Experimental demonstration of complete 180 degree reversal of magnetization in isolated Co-nanomagnets on a PMN-PT substrate with voltage generated strain

TL;DR

This study demonstrates a method to achieve complete 180-degree magnetization reversal in Co-nanomagnets using sequential voltage-induced strains, paving the way for energy-efficient straintronic memory devices.

Contribution

We experimentally show full 180-degree magnetization switching in nanomagnets via sequential, non-collinear stress application, overcoming previous limitations of partial rotation.

Findings

Achieved complete 180-degree magnetization reversal at room temperature.

Validated stress-induced switching with finite element and micromagnetic simulations.

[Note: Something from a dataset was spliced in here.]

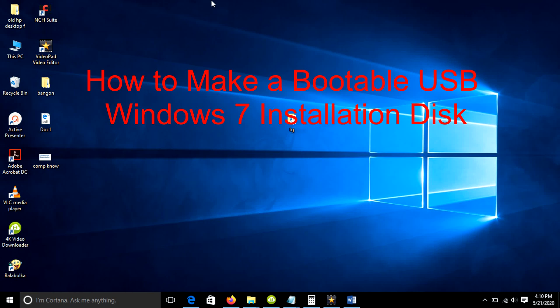Welcome to TechGuy channel. In this tutorial, I'm going to show you two ways on how to make a bootable USB Windows 7 installation disk.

Demonstrated potential for low-energy non-volatile memory applications.

Abstract

Rotating the magnetization of a shape anisotropic magnetostrictive nanomagnet with voltage-generated stress/strain dissipates much less energy than most other magnetization rotation schemes, but its application to writing bits in non-volatile magnetic memory has been hindered by the fundamental inability of stress/strain to rotate magnetization by full 180 degrees. Normally, stress/strain can rotate the magnetization of a shape anisotropic elliptical nanomagnet by only up to 90 degrees, resulting in incomplete magnetization reversal. Recently, we predicted that applying uniaxial stress sequentially along two different axes that are not collinear with the major or minor axis of the elliptical nanomagnet will rotate the magnetization by full 180 degrees. Here, we demonstrate this complete 180 degree rotation in elliptical Co-nanomagnets (fabricated on a piezoelectric substrate) at room temperature. The two stresses are generated by sequentially applying voltages to two pairs of shorted electrodes placed on the substrate such that the line joining the centers of the electrodes in one pair intersects the major axis of a nanomagnet at ~+30 degrees and the line joining the centers of the electrodes in the other pair intersects at ~ -30 degrees. A finite element analysis has been performed to determine the stress distribution underneath the nanomagnets when one or both pairs of electrodes are activated, and this has been approximately incorporated into a micromagnetic simulation of magnetization dynamics to confirm that the generated stress can produce the observed magnetization rotations. This result portends an extremely energy-efficient non-volatile "straintronic" memory technology predicated on writing bits in nanomagnets with electrically generated stress.